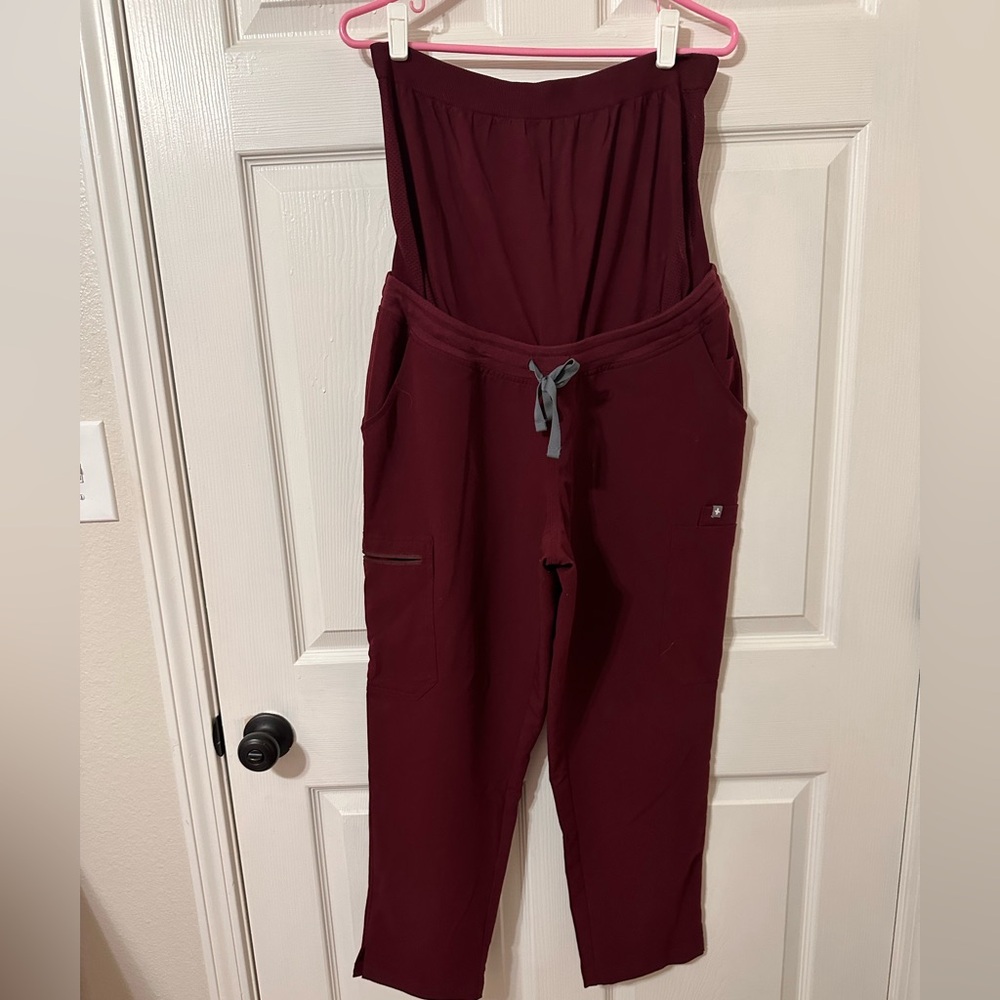 Figs Maroon Maternity Scrub Pants Large Petite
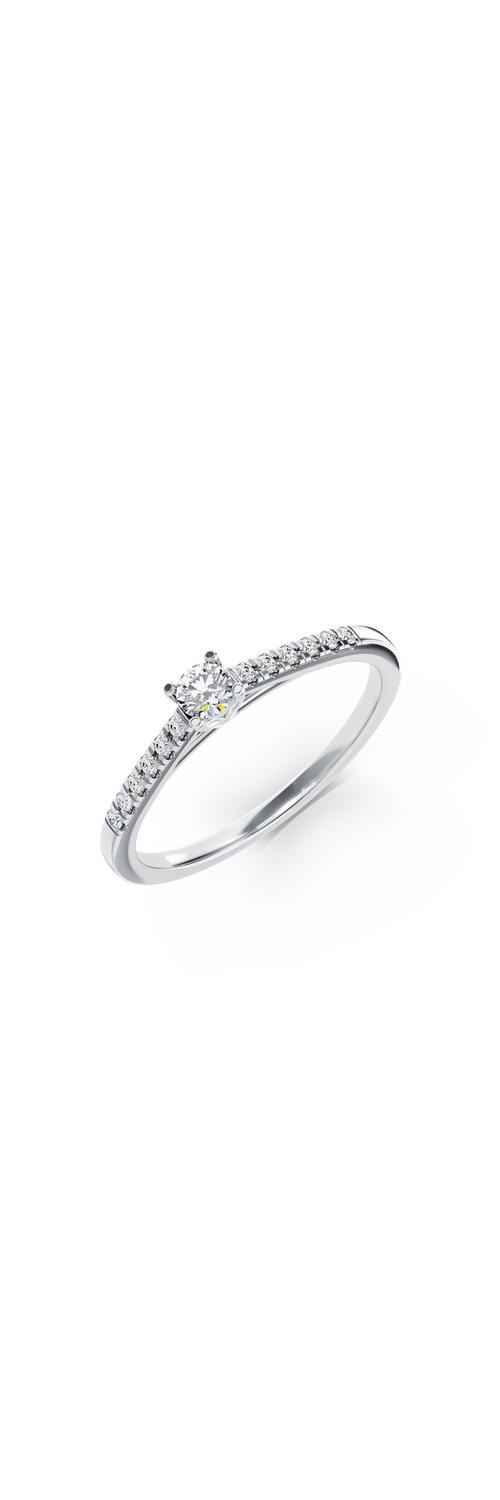 Годежен пръстен от бяло злато 18K с диамант 0.3ct и диамант 0.13ct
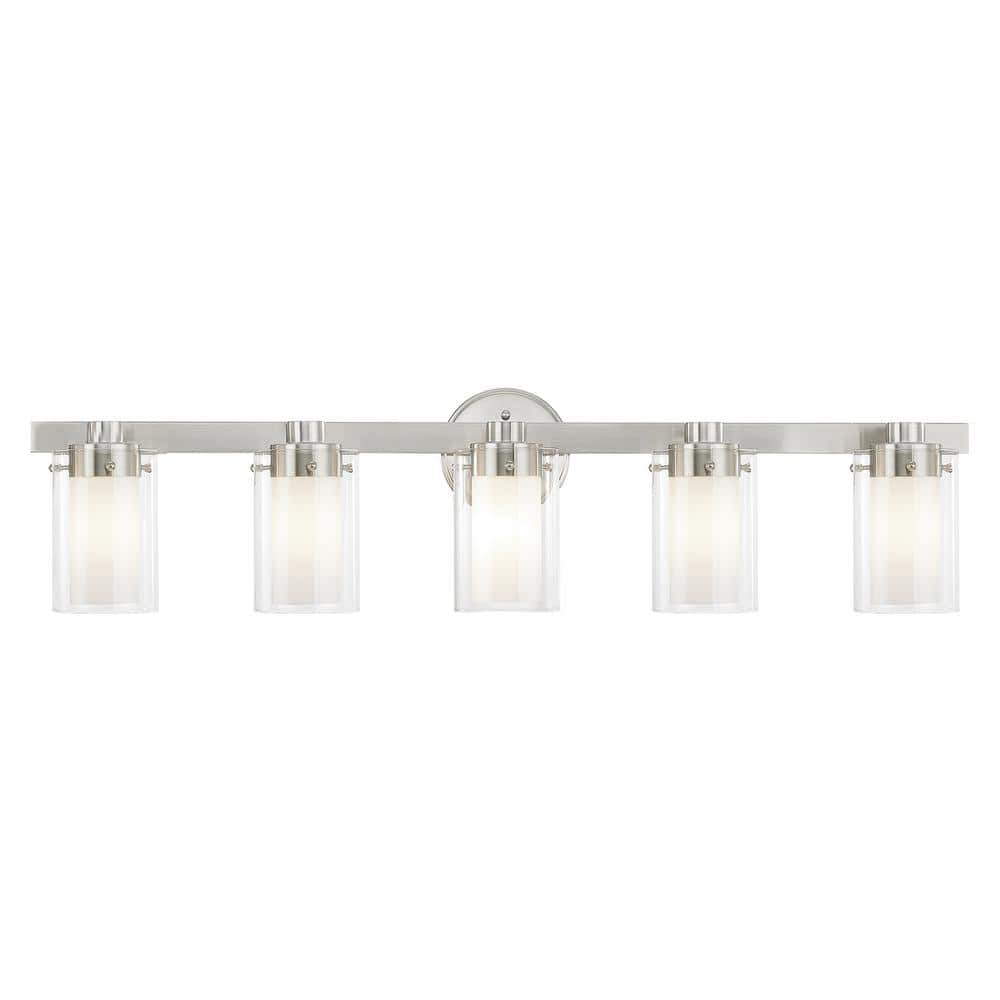 Baxter 35.5 in. 5-Light Brushed Nickel Vanity Light with Clear Outer Glass 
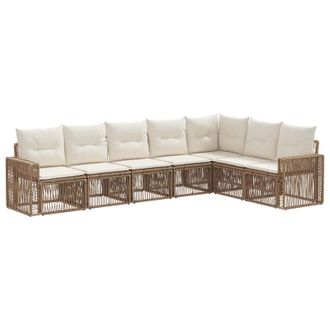 vidaXL Conjunto De Sof&aacute;s De Jard&iacute;n 7 Pcs Beige Y Blanco Crema Vidaxl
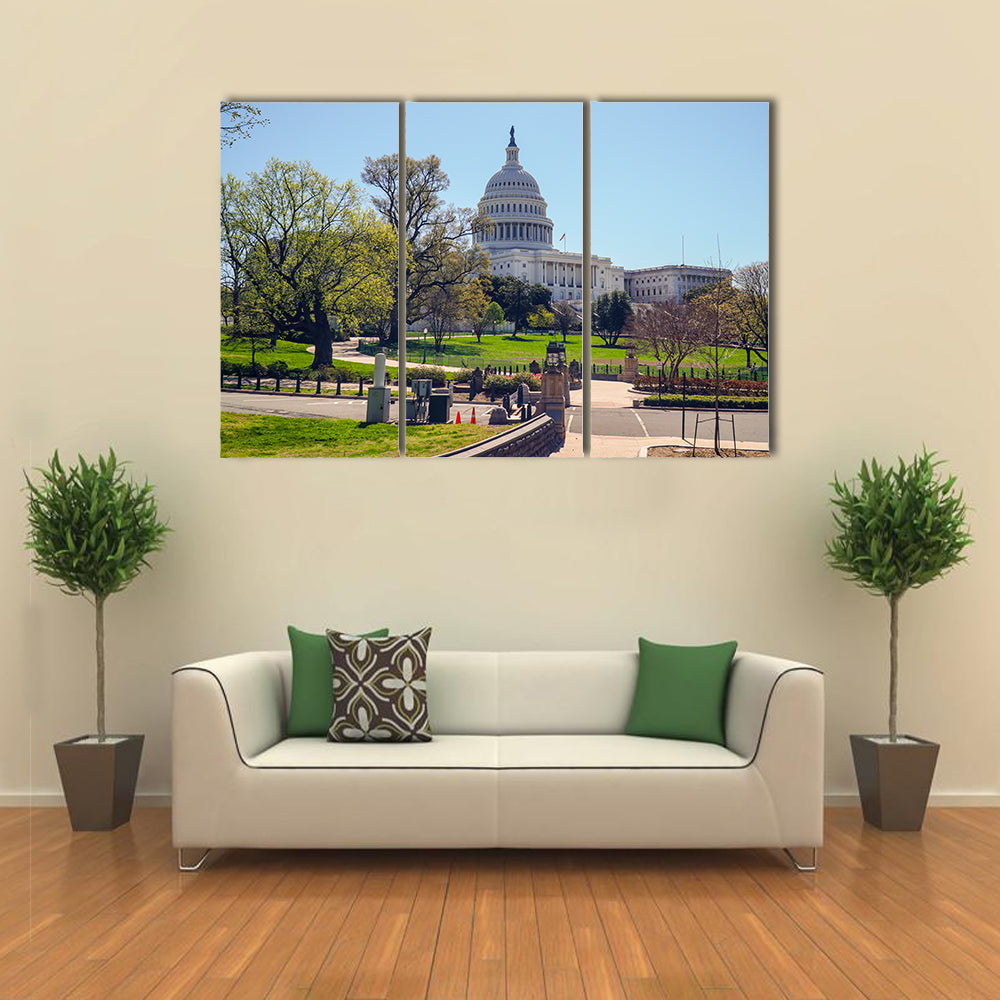 Beautiful US Capitol grounds in Washington Multi panel canvas wall art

━━━

→ WORK REQUIRED
Only the text of the listing above is wanted, transcribed exactly, without its images.

→ WRITTEN SOLUTION
 Figs Maroon Maternity Scrub Pants Large Petite
 Годежен пръстен от бяло злато 18K с диамант 0.3ct и диамант 0.13ct
 Baxter 35.5 in. 5-Light Brushed Nickel Vanity Light with Clear Outer Glass 
 vidaXL Conjunto De Sof&aacute;s De Jard&iacute;n 7 Pcs Beige Y Blanco Crema Vidaxl
 Beautiful US Capitol grounds in Washington Multi panel canvas wall art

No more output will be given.